Naturalmente le esigenze finanziarie dello Stato non hanno tratto alcun beneficio dall’accanimento contro le pensioni dei titolari di assegni oltre le 6 volte il minimo INPS. D’altra parte cosa si poteva sperare, tartassando 770.000 pensionati, lasciando pressoché immuni (o marginalmente penalizzati) gli altri 15 milioni e mezzo di colleghi pensionati anch’essi?.

E così il debito dello Stato è continuato a salire e l’equilibrio di bilancio (anzi, il pareggio di bilancio, sacralizzato in Costituzione nel 2012) è di là da venire.

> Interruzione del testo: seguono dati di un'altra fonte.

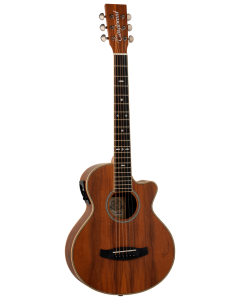 Tanglewood Reunion Pro 2 CE AW Walnut
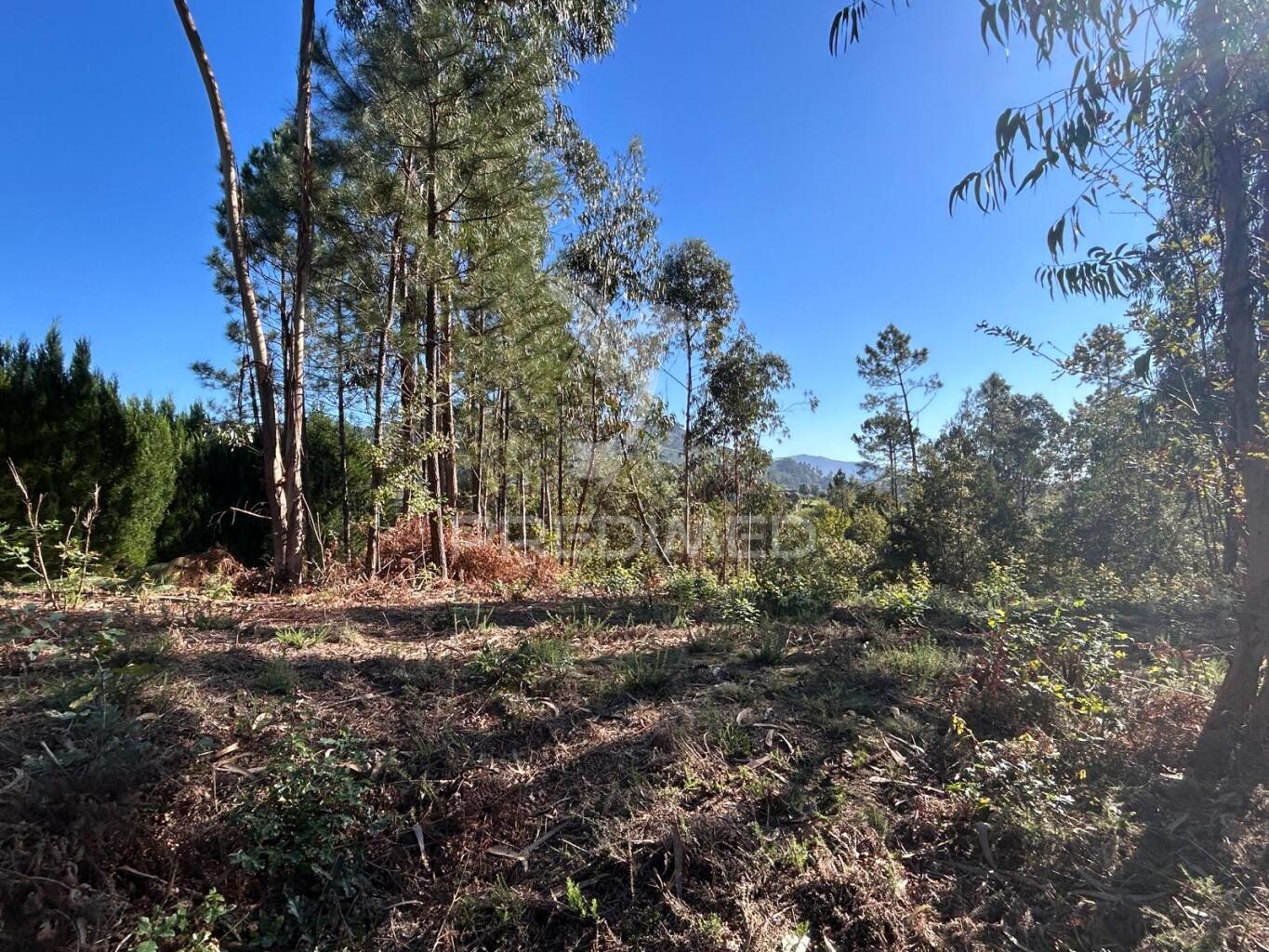 Terreno para construção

E perché gli squilibri e gli errori nel bilancio dello Stato non si correggono, anziché rubando dalla tasca dei pensionati che non beneficiano della no tax area, anzi vengono tassati due volte, evitando piuttosto gli sprechi e le regalie (di tipo elettoralistico, ad esempio, come sono l’orgia dei bonus), nonché combattendo la corruzione politica (che è tanta parte della mala-gestione della cosa pubblica), l’evasione, le ruberie, le tangenti, le complicità, i privilegi ingiustificati, gli illeciti arricchimenti, la illegalità diffusa, ecc.? Ognuno degli obiettivi anzidetti sarebbe in grado di acquisire allo Stato risorse ben maggiori di quelle che possono derivare dai pensionati.

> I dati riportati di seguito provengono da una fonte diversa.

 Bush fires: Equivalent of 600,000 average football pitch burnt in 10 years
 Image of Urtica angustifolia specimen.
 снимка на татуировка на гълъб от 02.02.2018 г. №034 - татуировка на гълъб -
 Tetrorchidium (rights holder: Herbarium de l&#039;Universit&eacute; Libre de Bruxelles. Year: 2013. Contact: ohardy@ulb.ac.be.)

In definitiva, ritengo che la sentenza in commento sia vergognosa e contraddittoria, ma certo qualche imbarazzo devono averlo avuto anche gli attuali giudici costituzionali, se hanno avuto il pudore di non andare al di là della definizione di “non irragionevolezza” attribuito alle norme di cui ai commi 25 e 25-bis dell’art. 24 della legge Fornero, come rinnovati dal decreto 65/2015 del Governo Renzi.

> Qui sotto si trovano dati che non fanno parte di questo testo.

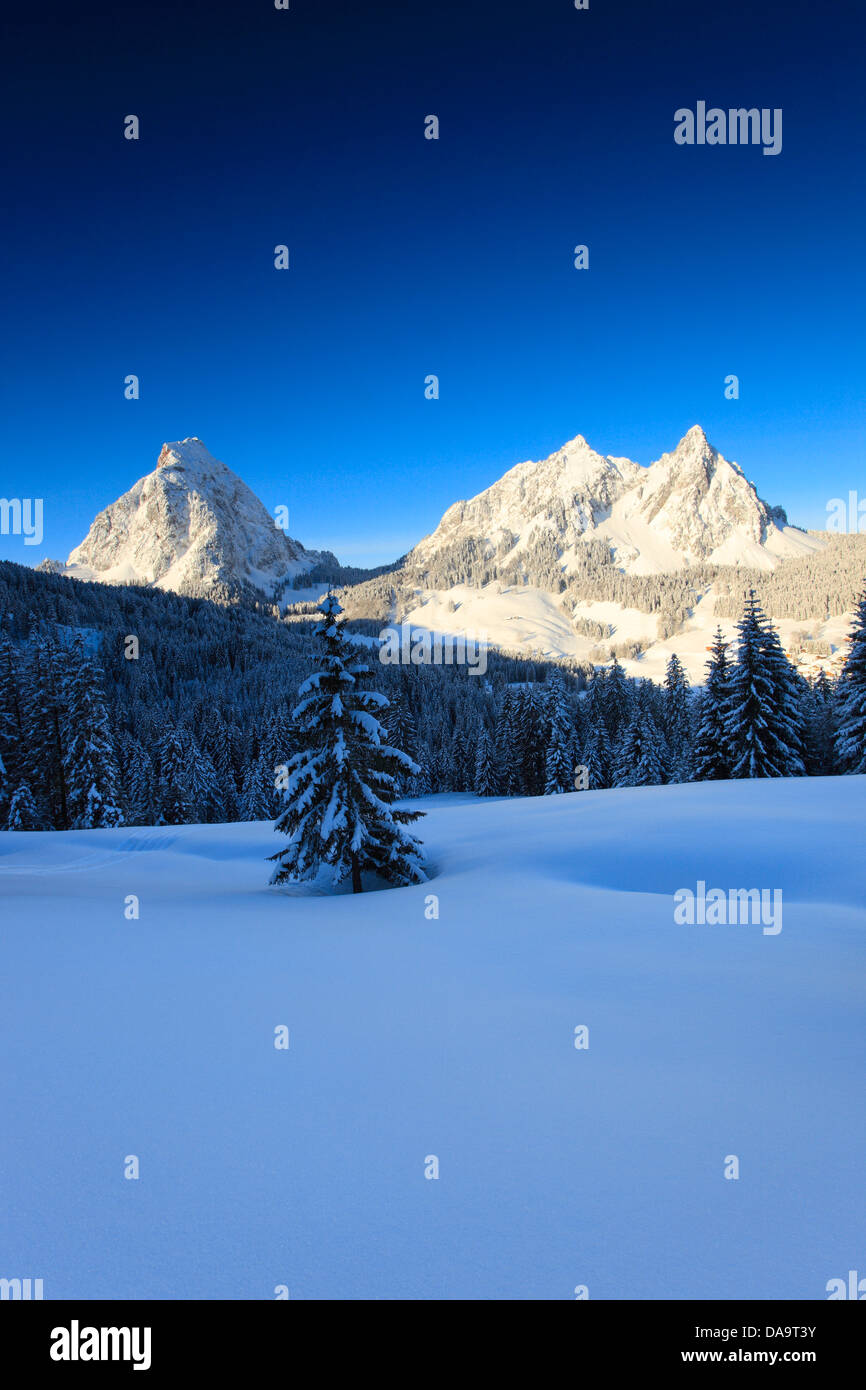 Alps, Alpine, panorama, view, mountain, mountains, massif, Brunni, trees, spruce, spruces, summits, peaks, big, Mythen, Central Stock Photo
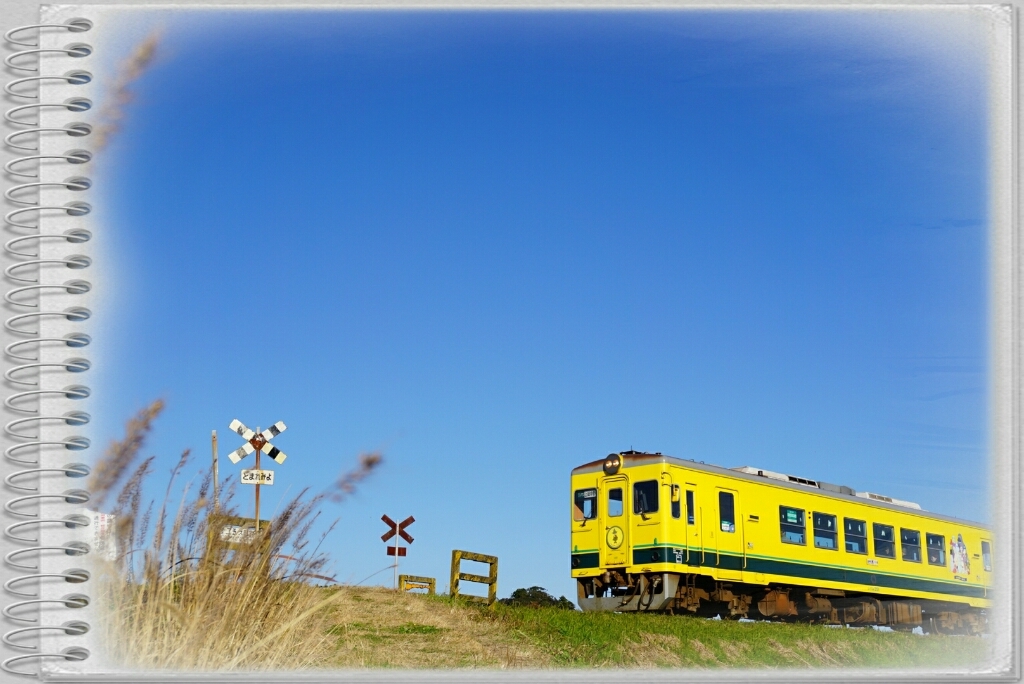 d0341483_05342554.jpg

Tuttavia è insopportabile l’ipocrisia della Corte nel “far finta” che ci sia continuità e coerenza tra la sentenza 70/2015 e 250/2017 per poter “bollinare” come costituzionalmente legittimo l’inguardabile decreto 65/2015, convertito in legge 109/2015.

Questa sentenza ripropone oggi la questione enorme del modo di essere della Corte costituzionale, cioè di Organismo compiacente al limite del servilismo nei confronti del Potere politico e legislativo, vera appendice della politica, anche della peggior politica, al punto di disattendere principi e valori della Costituzione vigente e sconfessare decenni di sentenze coerenti in materia previdenziale, addirittura interpretando la nostra Carta alla luce di quella che non è ancora legge, ma semplicemente disegno di legge costituzionale (dei deputati Mazziotti ed Altri) di modifica dell’art. 38 della Costituzione, che vorrebbe dettare criteri, modalità, limiti attraverso i quali realizzare, o contingentare, l’adeguamento delle pensioni.

Senza precise garanzie di indipendenza, qualità e libertà di giudizio, la Corte costituzionale non ha alcuna utilità e ragione di essere.

Dott. Carlo Sizia – Comitato direttivo nazionale FEDER.S.P.eV.